Lire des recensions d’ouvrages me déprime. C’est à se demander pourquoi vous lisez ceci.
J’ai rencontré Razmig Keucheyan dans un évènement organisé par l’UPop Montréal et Lux où j’avais la chance de massacrer son prénom en animant. À l’entendre ce soir là je me suis dit : ça vaut surement la peine de lire son Hémisphère gauche.
Son bouquin prétend tracer une cartographie des pensées critiques. Pas une mince entreprise. Pourtant, dans l’ensemble, une belle réussite. Keucheyan synthétise très habilement des pensées complexes. Si j’avais à conseiller un ouvrage à une personne qui veut découvrir la pensée politique contemporaine sans avoir un immense bagage théorique, je voterais Razmig.
Bien sûr, tout n’est pas parfait. Il y a des oublis, mais c’est beaucoup moins européocentriste que ce à quoi on pourrait s’attendre d’un Français. Il y a aussi une tentative typologique des intellectuels qui me semble un peu vite faite pour être vraiment intéressante, mais elle peut être utile pour mieux saisir la pensée de l’un ou l’autre.
Ce que cet ouvrage apporte de vraiment bien, c’est la vue d’ensemble. Quand on comprend où est tout le monde, on peut esquisser une image générale et, éventuellement, mieux se situer soi-même.

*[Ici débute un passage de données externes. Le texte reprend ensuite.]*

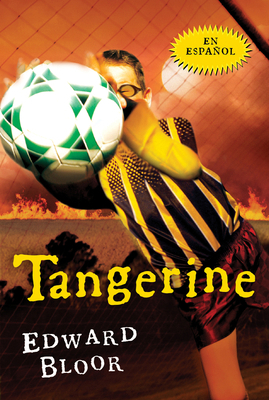 Tangerine (Spanish Edition) [Spanish] 054433633X Book Cover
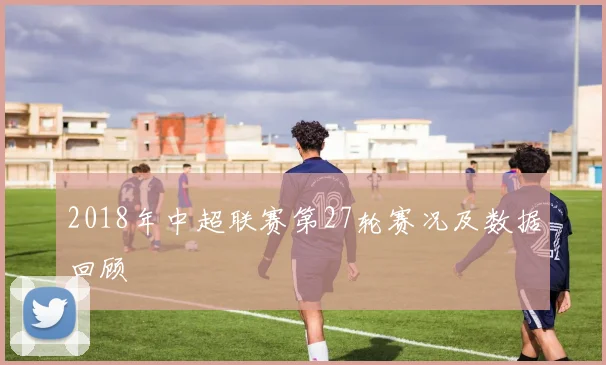 2018年中超联赛第27轮赛况及数据回顾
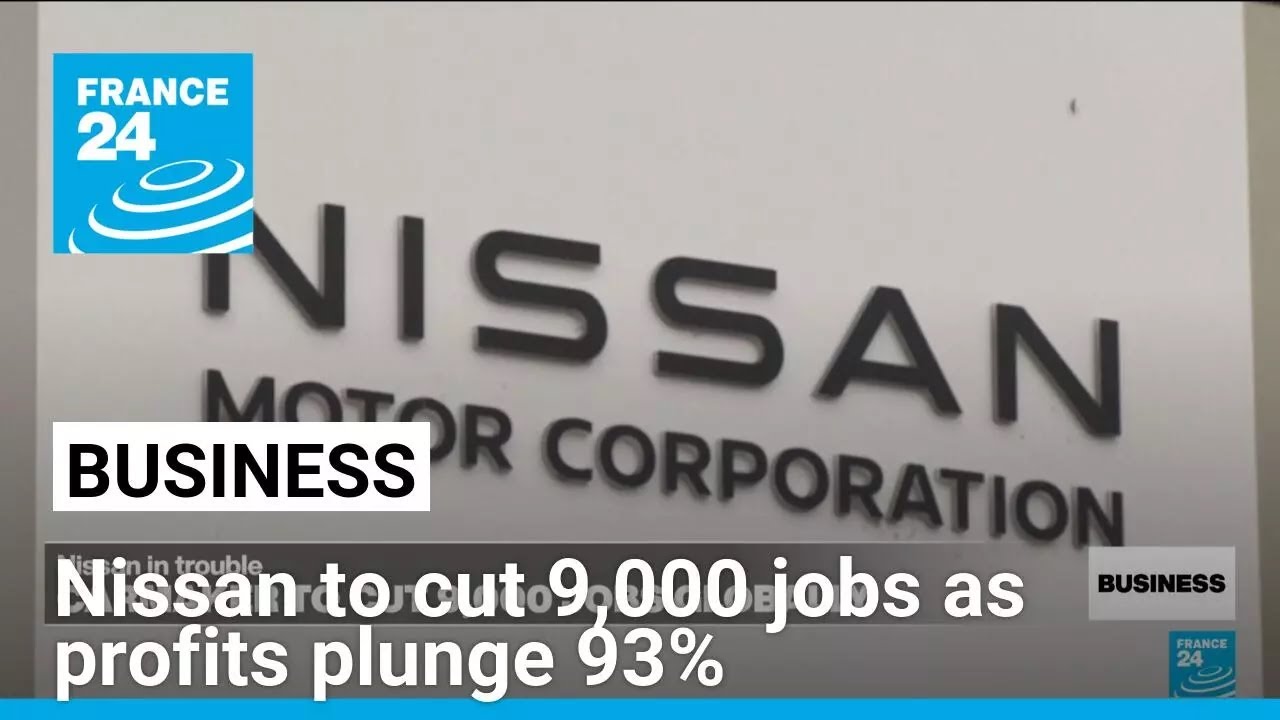 Nissan to cut 9,000 jobs as profits plunge 93% • FRANCE 24 English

C’est peut-être ce vol d’oiseau qui a déçu Foglia (La Presse, 12-04). Quand on voit de haut, on voit les trous. Eh non, les penseurs critiques qu’on y trouve n’ont pas de projet pour faire une nouvelle société. En effet, c’est plutôt désespérant de voir que le monde intellectuel de gauche a bien changé. Comme le dit Keucheyan, des intellectuels qui sont également des personnages politiques, c’est rare comme de la marde de García Linera (l’actuel vice-président bolivien qui est recensé dans l’ouvrage). La politique a l’avantage de forcer les gens à proposer quelque chose.
À la défense des intellectuels de gauche, il faut d’abord dire que Keucheyan a laissé de côté les quelques rares qui proposent de nouvelles options : Murray Bookchin et son municipalisme libertaire; l’économie participative d’Albert et Hahnel, la démocratie générale de Takis Fotopoulos… À sa défense il faut dire que ces auteurs sont tellement ignorés par tout le monde qu’on peut difficilement les considérer dans les ligues majeures. Dans le merveilleux monde académique, si vous n’êtes pas cités vous n’existez pas. C’est comme dans les médias, parlez-en en bien ou en mal, mais parlez-en.
Je ne crois pas pour ma part qu’il suffise d’exprimer « ce besoin désespéré d'un monde autre » que Foglia et moi souhaitons pour pouvoir ensuite se payer le luxe de désespérer face à l’absence de projet politique à gauche. Foglia m’embête et m’a toujours embêté. Je n’arrive pas à comprendre comment ça se fait que quelqu’un avec qui je suis très souvent d’accord écrive dans La Presse et se dise, par surcroit, que c’est suffisant. Non pas que je voudrais qu’il arrête d’écrire, loin de là, mais je n’ai jamais trop compris son rapport à l’action politique qui me semble la conséquence si évidente du désir qu’il exprime. Si (presque) personne n’a écrit sur la société à construire, pourquoi on s’attèlent pas à y réfléchir et à le faire?
N’empêche, sa recension avait l’avantage d’être compréhensible, contrairement à ce qu’on lisait dans Le Devoir (01-08). Je ne connais pas monsieur Lapierre, mais pourquoi « Belles ivresses de gauche déçues »? C’est quoi ce titre? Depuis quand la pensée politique de gauche est une ivresse? L’école de Francfort c’est quoi alors? Un groupe de AA philosophique? Non mais.
Si l’ouvrage de Keucheyan fait quelque chose c’est bien nous montrer à quel point ces pensées ne sont pas qu’un délire, mais bien qu’elles émergent de programmes de recherche sérieux et importants. Qu’elles sont en dialogues les unes avec les autres. À sa décharge, M. Lapierre n’a peut-être pas choisi son titre. Ça arrive dans les journaux chics. Il a cependant écrit le reste du texte qui est une série de noms d’auteur-es casés ici et là au hasard de longues phrases alambiquées. Au revoir cartographie et systématisme, bonjour ésotérisme.
De peur de sombrer dans la même eau vaseuse, je réduirai mon commentaire à sa plus simple expression : lisez Hémisphère gauche, ce livre m’a appris des choses.
- KEUCHEYAN, Razmig, Hemisphère gauche : une cartographie des nouvelles pensées critiques, Montréal : Lux, 2010, 335 p.